Life science researchers are seeing more next-generation sequencing data generation, more samples and deeper sequencing, and this data is increasing in complexity as researchers move from targeted panels to whole-exome and whole-genome sequencing. However, the tools appearing in the market often fail to incorporate system-level interpretation, leading to further issues.
In enters bioinformatics, an interdisciplinary field—including computer science, statistics, mathematics and engineering—which develops methods and software tools for understanding biological data.

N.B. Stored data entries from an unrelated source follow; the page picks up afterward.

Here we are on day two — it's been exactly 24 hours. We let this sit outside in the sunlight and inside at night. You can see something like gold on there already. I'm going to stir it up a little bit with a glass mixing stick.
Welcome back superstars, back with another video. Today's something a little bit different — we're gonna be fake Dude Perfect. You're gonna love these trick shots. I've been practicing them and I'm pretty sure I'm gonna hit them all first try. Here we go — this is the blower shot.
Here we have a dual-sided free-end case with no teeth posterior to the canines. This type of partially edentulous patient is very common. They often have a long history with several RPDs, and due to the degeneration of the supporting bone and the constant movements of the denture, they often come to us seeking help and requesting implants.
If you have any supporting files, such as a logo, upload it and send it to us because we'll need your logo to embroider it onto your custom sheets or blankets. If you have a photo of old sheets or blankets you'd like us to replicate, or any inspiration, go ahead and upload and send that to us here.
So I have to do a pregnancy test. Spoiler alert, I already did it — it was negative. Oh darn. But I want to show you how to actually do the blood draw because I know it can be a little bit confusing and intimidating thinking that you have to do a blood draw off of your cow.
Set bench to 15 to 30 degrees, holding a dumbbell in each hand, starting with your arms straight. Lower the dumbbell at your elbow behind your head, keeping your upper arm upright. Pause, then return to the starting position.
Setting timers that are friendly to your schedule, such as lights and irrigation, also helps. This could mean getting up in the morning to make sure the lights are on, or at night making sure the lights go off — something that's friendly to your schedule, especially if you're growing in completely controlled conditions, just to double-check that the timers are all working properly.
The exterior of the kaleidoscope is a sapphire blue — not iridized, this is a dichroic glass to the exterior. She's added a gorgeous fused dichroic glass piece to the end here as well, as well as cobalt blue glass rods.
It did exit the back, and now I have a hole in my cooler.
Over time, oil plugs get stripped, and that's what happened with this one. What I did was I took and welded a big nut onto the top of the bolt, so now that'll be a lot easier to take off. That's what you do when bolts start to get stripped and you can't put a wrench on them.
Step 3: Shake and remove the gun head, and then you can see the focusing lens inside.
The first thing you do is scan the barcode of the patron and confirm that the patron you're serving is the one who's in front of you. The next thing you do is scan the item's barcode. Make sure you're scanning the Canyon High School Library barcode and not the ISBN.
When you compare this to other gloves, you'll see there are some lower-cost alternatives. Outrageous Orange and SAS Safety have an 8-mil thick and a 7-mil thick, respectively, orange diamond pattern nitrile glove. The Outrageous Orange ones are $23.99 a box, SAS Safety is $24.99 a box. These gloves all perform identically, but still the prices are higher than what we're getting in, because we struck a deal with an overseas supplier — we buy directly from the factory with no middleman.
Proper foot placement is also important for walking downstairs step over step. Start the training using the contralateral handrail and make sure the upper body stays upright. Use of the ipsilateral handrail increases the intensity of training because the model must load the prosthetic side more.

As a result, to address the growing size of data, there’s an expansion of tools to take advantage of Cloud computing and storage. Many vendors are developing their own Cloud-enabled software platforms capable of hosting a variety of analysis applications. And while life science researchers want to leverage the Cloud, they only want to do so for the additional functionality it brings, such as access to large data sets, common annotation sources, data sharing and scalable computing—they don’t want to overcome the hassle of uploading unless there’s a real benefit.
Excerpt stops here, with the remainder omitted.